The Ridiculousness of Rescued from an Eagle’s Nest
Note: This is the fiftieth in a series of historical/critical essays examining the best in film from each year. Essentially, I am watching films from the beginning of cinematic history that interest me and/or hold some critical or cultural impact. My personal, living list of favorites is being created at Mubi, showcasing five films per year. All this being explained, what follows is an examination of my fifth favorite 1908 film, RESCUED FROM AN EAGLE’S NEST, directed by J. Searle Dawley.

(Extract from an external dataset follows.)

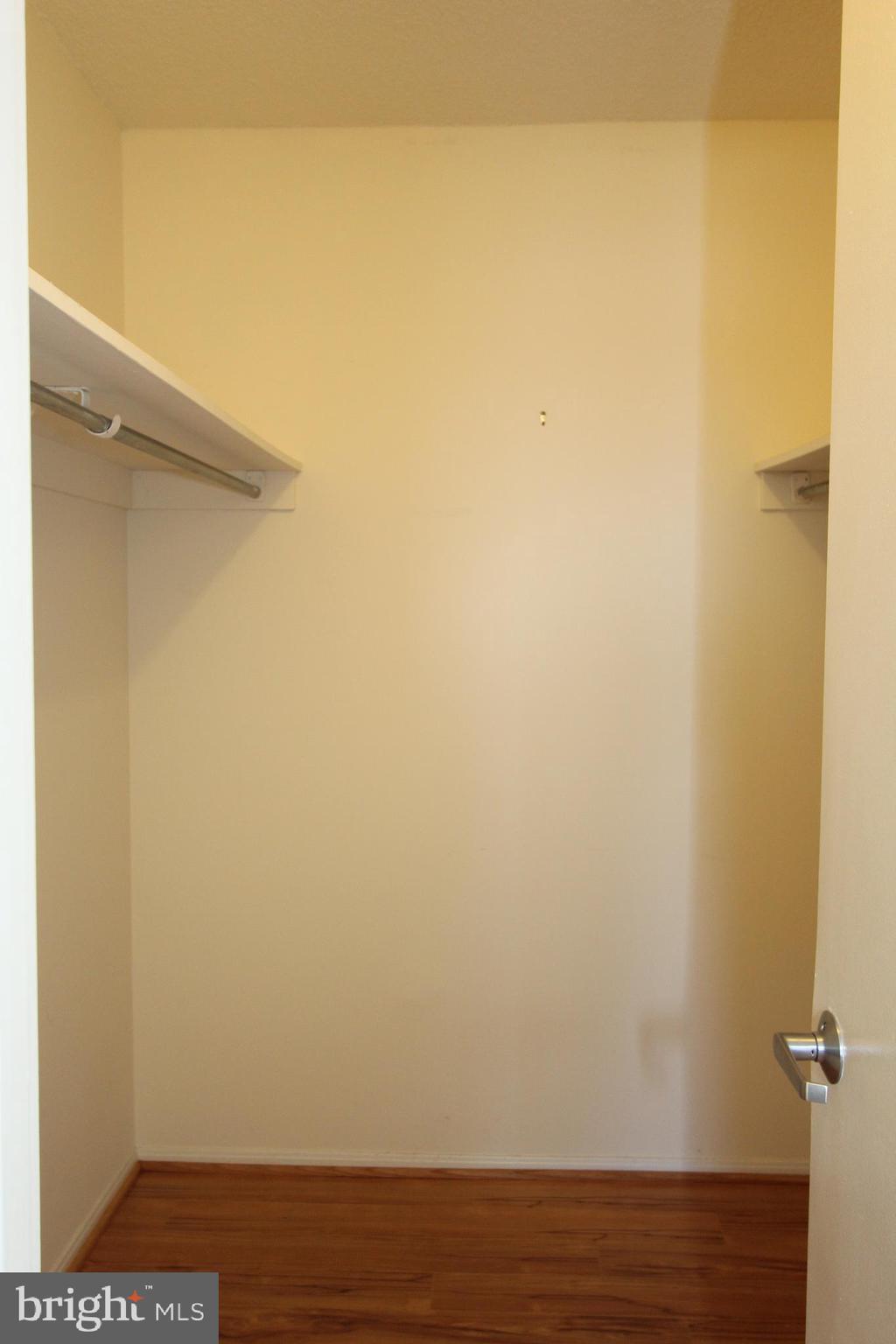 ROTONDA - Residential Lease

For as enjoyable as I find a lot of the movies this early on my favorite films list, they are obviously products of their time, and have to be viewed as such. Even considering the limitations of their time, very few films created by 1908 hold my rapt attention, and of course, among those that do are featured in these essays. So let it be said that RESCUED FROM AN EAGLE’S NEST (1908), while it comes in at my final favorite of the year, is not exactly masterpiece material, clearly even among its contemporaries. Its strength lies on a few intriguing shots and a general, pervasive feeling of early silent melodramatic ridiculousness.

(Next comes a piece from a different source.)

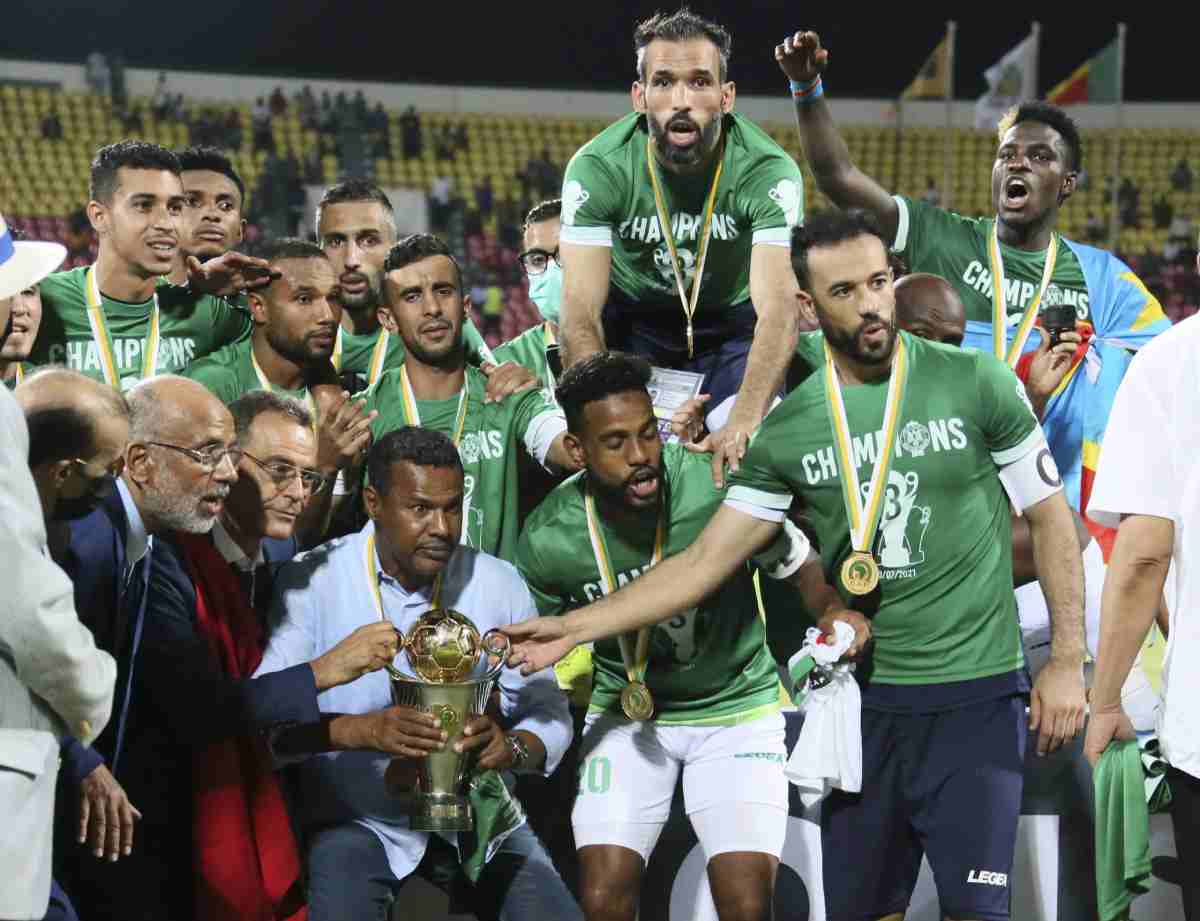 Le Raja Casablanca remporte la Coupe de la Confédération de la CAF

RESCUED FROM AN EAGLE’S NEST was an Edison picture, directed by the company newcomer J. Searle Dawley. Co-directorial credit is also often given to Edwin S. Porter, but considering Porter had hired Dawley just one year earlier, he likely just supervised Dawley’s production. That may have resulted in a lot of overlap in what we now associate with the “director” role, but for simplicity’s sake, let’s say Dawley was the director.
Dawley was one of Edison’s pioneers out west in Hollywood in 1910, and joined the Paramount predecessor Famous Players in 1912 just after Porter did. Dawley will show up a few more times on this list for his work on films much better than RESCUED FROM AN EAGLE’S NEST. For an early effort from a fledgling filmmaker working through the birth of an art form, however, the movie provides some thrills.
The film is also notable in that it’s one of pioneering filmmaker D.W. Griffith’s two existing film roles as an actor. He plays the father of the baby that is abducted by the titular eagle. But the star of the show is said eagle, a weird mechanical contraption that flaps with the convincing air of a…well, a mechanical eagle built for a 1908 film.
At the beginning of the film, it swoops down upon a clifftop cabin, outside of which a baby sits. It picks up the baby and begins taking it to its nest. The mother picks up the rifle to shoot the eagle and/or her baby out of the sky then realizes that’s a terrible idea.
Then, we’re treated to the best shot of the movie: a close up of the fake eagle carrying the very real baby over the well-rendered painterly backdrop of a countryside. It’s simple, and not visually incredible even compared to other contemporaries with flight scenes, but it’s such a ridiculous shot that makes you consider the the relatively amateur air film productions had this early in their existence. The rest of the film is pretty unspectacular; the logging crew the father works on scramble to save the baby once the mother tells them the news, which takes up most of the film’s approximately six-minute run time.
The film’s next best moment, after the eagle abduction close up, is when a man (I believe it’s D.W. Griffith’s father character?) is lowered down to the eagle’s nest to save the baby. The eagle isn’t home, but not for long, and the human-on-avian battle that ensues carries a physicality that would be at home in a film from any of the three geniuses of silent comedy. The man ultimately wins and flings the eagle about so angrily it brought out an unexpected hoot of laughter of me. And then the family lives happily ever after.
RESCUED FROM AN EAGLE’S NEST represents the kind of pulpy adventure stories that would come to the fore in the written word and films of the 1910s and ’20s, but its limitations and sparse moments of truly interesting moments ground it very squarely in 1908. It’s not exactly an important innovation in that genre, filmic or otherwise, but it is indicative of the action-packed melodrama Hollywood would begin churning out relatively soon. In the meantime, Dawley produced a couple mildly striking images among RESCUED FROM AN EAGLE’S NEST’s six minutes, and would improve on this ratio a few years later as he helped craft Hollywood, geographically and culturally.